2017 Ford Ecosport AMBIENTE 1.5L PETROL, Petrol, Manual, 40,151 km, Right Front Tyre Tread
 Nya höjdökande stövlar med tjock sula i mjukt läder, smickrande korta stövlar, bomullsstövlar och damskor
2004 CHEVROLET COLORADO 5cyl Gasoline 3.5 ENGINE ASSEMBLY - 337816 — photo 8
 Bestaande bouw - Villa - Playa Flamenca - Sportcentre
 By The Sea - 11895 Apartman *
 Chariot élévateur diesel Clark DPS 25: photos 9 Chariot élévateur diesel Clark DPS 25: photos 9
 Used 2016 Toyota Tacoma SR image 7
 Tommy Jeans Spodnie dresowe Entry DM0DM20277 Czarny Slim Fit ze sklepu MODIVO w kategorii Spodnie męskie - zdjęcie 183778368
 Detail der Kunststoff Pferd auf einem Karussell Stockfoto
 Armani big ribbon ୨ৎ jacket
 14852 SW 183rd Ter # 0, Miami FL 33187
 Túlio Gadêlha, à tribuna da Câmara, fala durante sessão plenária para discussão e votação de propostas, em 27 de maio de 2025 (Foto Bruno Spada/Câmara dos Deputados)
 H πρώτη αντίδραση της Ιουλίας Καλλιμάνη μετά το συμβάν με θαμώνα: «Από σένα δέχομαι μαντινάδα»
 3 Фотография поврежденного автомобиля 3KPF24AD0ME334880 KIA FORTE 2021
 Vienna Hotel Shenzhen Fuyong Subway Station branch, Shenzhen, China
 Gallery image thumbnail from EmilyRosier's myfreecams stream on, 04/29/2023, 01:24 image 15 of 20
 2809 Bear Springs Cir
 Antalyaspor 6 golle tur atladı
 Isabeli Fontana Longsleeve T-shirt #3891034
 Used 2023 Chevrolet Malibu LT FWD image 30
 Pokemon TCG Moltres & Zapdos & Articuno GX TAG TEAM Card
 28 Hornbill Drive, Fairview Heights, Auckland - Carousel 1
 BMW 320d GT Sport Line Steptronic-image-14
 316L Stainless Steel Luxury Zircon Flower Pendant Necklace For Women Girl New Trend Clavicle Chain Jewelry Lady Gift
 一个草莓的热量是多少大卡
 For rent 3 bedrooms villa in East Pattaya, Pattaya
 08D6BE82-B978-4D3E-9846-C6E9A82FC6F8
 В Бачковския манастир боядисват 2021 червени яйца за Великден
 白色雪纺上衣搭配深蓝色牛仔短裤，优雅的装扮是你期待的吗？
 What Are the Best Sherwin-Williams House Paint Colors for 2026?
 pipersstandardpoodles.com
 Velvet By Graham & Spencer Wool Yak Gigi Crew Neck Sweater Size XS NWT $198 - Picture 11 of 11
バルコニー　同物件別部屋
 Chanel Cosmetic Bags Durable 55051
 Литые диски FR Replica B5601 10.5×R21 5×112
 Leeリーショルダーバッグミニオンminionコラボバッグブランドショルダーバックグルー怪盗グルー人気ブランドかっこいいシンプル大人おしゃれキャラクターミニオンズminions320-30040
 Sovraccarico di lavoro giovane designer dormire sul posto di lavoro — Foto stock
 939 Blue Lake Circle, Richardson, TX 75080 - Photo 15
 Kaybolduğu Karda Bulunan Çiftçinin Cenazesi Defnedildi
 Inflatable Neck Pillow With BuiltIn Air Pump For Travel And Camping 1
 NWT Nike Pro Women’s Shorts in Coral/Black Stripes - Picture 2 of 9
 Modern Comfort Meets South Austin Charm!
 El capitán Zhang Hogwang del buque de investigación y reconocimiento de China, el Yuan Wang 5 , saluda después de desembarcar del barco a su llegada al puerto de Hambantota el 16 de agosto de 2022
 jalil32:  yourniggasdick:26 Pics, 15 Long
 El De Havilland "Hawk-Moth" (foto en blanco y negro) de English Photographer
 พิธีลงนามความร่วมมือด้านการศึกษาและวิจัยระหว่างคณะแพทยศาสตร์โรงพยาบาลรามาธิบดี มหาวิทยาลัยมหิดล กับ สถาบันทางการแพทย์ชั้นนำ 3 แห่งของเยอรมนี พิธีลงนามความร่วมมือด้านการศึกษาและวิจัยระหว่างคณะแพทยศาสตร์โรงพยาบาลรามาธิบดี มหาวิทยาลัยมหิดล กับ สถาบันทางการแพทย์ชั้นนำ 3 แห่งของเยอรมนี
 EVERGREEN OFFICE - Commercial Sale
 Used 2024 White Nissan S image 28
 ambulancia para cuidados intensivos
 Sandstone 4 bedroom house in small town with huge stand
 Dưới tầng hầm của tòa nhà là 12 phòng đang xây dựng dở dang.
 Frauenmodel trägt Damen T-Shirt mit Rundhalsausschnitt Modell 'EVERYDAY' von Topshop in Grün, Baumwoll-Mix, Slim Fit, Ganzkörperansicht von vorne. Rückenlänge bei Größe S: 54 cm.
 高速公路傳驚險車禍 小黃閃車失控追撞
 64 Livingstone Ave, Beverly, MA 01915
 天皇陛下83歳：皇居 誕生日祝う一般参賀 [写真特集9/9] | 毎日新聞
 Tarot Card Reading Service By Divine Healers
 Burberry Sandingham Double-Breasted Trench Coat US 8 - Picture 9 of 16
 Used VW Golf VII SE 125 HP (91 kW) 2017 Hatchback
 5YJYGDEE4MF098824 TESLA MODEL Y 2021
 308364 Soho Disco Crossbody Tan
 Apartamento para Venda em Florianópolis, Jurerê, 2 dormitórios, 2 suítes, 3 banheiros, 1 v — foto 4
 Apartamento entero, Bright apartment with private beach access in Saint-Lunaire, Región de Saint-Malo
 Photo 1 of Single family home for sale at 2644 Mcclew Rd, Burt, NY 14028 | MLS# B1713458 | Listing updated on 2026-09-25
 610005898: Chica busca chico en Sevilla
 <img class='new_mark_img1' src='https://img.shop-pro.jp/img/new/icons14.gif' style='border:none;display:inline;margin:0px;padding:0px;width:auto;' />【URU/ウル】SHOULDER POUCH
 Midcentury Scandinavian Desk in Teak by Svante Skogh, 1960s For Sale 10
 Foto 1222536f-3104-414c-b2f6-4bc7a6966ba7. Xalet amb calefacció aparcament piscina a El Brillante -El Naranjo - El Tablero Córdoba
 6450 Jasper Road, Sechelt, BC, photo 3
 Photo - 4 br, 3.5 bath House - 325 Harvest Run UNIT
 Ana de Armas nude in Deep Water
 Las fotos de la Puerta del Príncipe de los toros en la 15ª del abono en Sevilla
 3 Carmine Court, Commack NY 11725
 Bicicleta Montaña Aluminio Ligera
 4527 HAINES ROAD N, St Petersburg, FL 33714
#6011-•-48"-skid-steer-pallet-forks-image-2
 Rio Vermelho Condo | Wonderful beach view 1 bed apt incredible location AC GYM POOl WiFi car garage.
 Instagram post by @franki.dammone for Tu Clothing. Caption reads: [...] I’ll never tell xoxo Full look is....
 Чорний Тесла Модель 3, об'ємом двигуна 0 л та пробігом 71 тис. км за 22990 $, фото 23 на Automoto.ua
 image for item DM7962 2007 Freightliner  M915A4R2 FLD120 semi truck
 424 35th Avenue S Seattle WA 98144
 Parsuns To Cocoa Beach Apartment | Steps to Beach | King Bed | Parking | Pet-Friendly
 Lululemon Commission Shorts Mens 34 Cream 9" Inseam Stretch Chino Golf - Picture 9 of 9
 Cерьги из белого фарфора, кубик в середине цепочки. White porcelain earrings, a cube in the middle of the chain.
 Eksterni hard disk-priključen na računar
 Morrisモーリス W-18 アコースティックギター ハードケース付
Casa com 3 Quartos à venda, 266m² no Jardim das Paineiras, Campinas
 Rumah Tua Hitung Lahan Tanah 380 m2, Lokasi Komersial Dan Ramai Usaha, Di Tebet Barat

☆ ☆ ☆

**Problem requirements:** Output the lines above exactly, but only those between the line holding "Gallery image thumbnail" and the line holding "Sovraccarico di lavoro", inclusive.

**Output of the exercise:**
 Gallery image thumbnail from EmilyRosier's myfreecams stream on, 04/29/2023, 01:24 image 15 of 20
 2809 Bear Springs Cir
 Antalyaspor 6 golle tur atladı
 Isabeli Fontana Longsleeve T-shirt #3891034
 Used 2023 Chevrolet Malibu LT FWD image 30
 Pokemon TCG Moltres & Zapdos & Articuno GX TAG TEAM Card
 28 Hornbill Drive, Fairview Heights, Auckland - Carousel 1
 BMW 320d GT Sport Line Steptronic-image-14
 316L Stainless Steel Luxury Zircon Flower Pendant Necklace For Women Girl New Trend Clavicle Chain Jewelry Lady Gift
 一个草莓的热量是多少大卡
 For rent 3 bedrooms villa in East Pattaya, Pattaya
 08D6BE82-B978-4D3E-9846-C6E9A82FC6F8
 В Бачковския манастир боядисват 2021 червени яйца за Великден
 白色雪纺上衣搭配深蓝色牛仔短裤，优雅的装扮是你期待的吗？
 What Are the Best Sherwin-Williams House Paint Colors for 2026?
 pipersstandardpoodles.com
 Velvet By Graham & Spencer Wool Yak Gigi Crew Neck Sweater Size XS NWT $198 - Picture 11 of 11
バルコニー　同物件別部屋
 Chanel Cosmetic Bags Durable 55051
 Литые диски FR Replica B5601 10.5×R21 5×112
 Leeリーショルダーバッグミニオンminionコラボバッグブランドショルダーバックグルー怪盗グルー人気ブランドかっこいいシンプル大人おしゃれキャラクターミニオンズminions320-30040
 Sovraccarico di lavoro giovane designer dormire sul posto di lavoro — Foto stock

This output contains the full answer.